Occasionally it happens that a metaphor rises unbidden while I'm working on a piece, no matter the medium. Once it's stuck in my brain, it's hard to dislodge. With this piece, I had the feeling of hidden chambers below ground, as in Egyptian burial chambers within pyramids; I even have a triangle above ground! Please believe me when I say I had no notion of this until midway into the making of this piece. It was simply three basic shapes, cut away from the wool, with two colors. The colors, by the way, came by way of thinking of Matisse's cutouts; he often used a violet like this one. So....I called the textile Excavation, with a sense of humor, and with a bow to de Kooning's great painting of the same name; I hope I'm not being sacrilegious.
The differentiation of forms come from two things: the direction of the hooking of the loops of wool––I followed the forms, while the backgrounds use straight lines––and cutting away the tops of the loops, to create a sunken relief.

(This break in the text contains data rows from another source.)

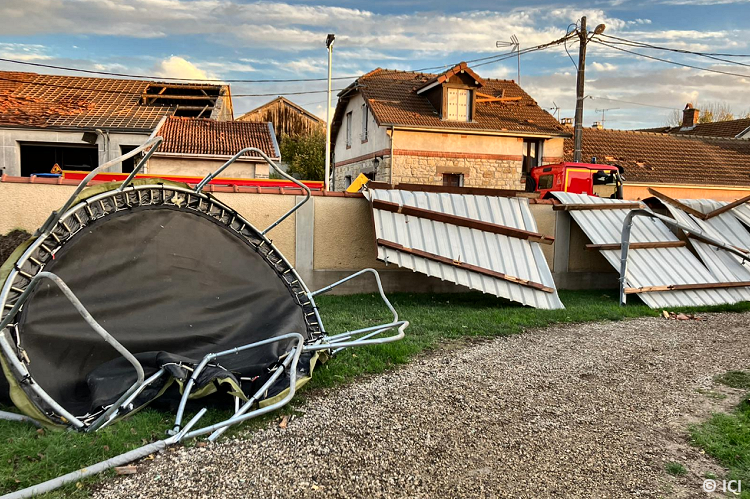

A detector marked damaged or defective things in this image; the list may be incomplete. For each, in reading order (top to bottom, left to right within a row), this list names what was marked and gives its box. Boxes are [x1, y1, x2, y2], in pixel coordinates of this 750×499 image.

damaged roof [0, 70, 229, 131]
house with damaged roof [0, 70, 232, 179]
damaged roof [157, 116, 280, 159]
damaged roof [334, 64, 568, 140]
house with damaged roof [332, 63, 572, 191]
damaged roof [564, 127, 750, 188]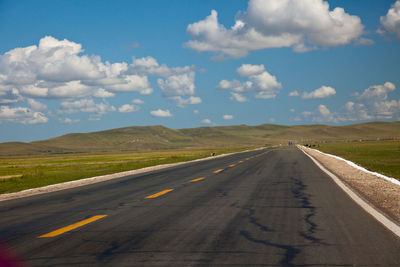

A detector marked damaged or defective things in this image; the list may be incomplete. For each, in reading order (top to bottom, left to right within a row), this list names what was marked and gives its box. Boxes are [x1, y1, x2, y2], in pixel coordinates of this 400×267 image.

cracked asphalt [0, 148, 400, 266]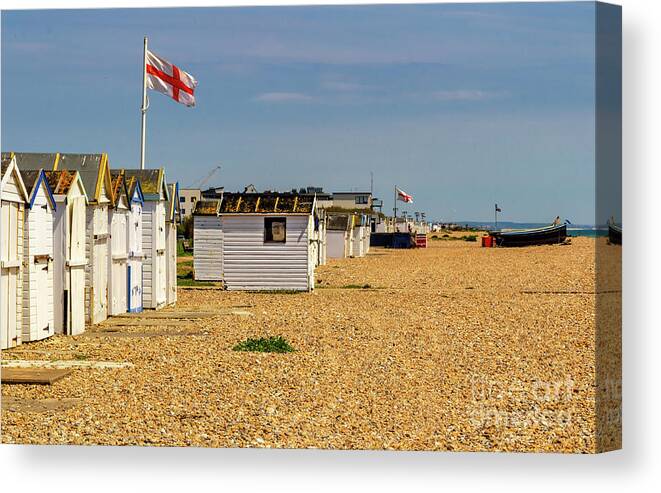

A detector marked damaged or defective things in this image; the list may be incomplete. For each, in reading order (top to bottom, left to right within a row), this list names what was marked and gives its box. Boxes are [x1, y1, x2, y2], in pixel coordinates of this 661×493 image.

rusted roof [123, 168, 168, 201]
rusted roof [218, 192, 314, 213]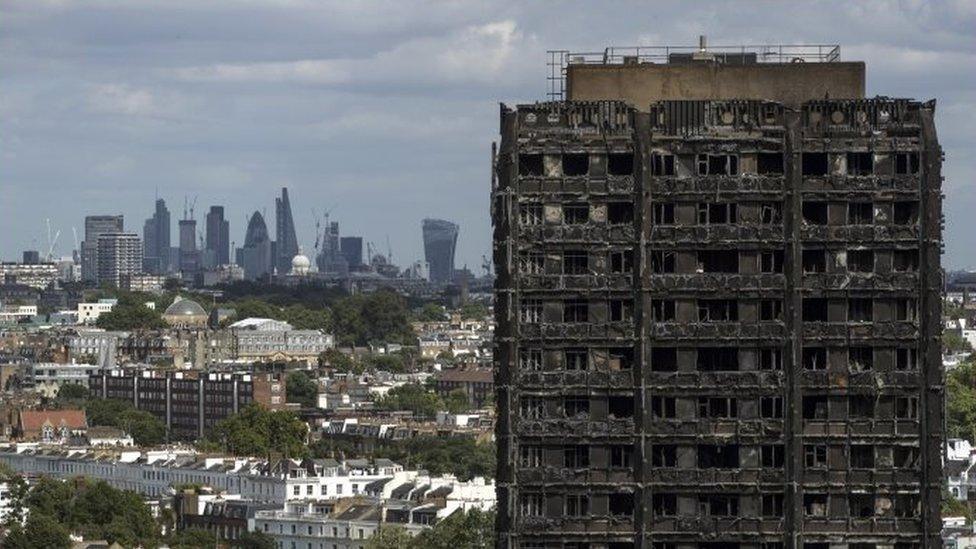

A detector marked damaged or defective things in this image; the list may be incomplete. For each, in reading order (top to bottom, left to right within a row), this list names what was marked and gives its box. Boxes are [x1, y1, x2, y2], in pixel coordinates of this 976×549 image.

charred concrete facade [500, 52, 940, 548]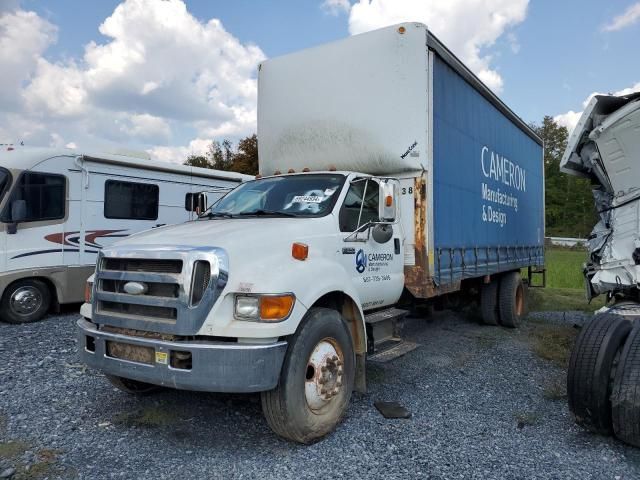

In this detail you can see the different directions of hooking in square and circle, and how they are set apart from the horizontal lines of the surrounding plane. I had briefly considered having the three shapes a different color from their backgrounds, but then realized I wanted a more subtle effect. The two colors are not at all subtle, so to balance their intensity, the shapes are embedded within them.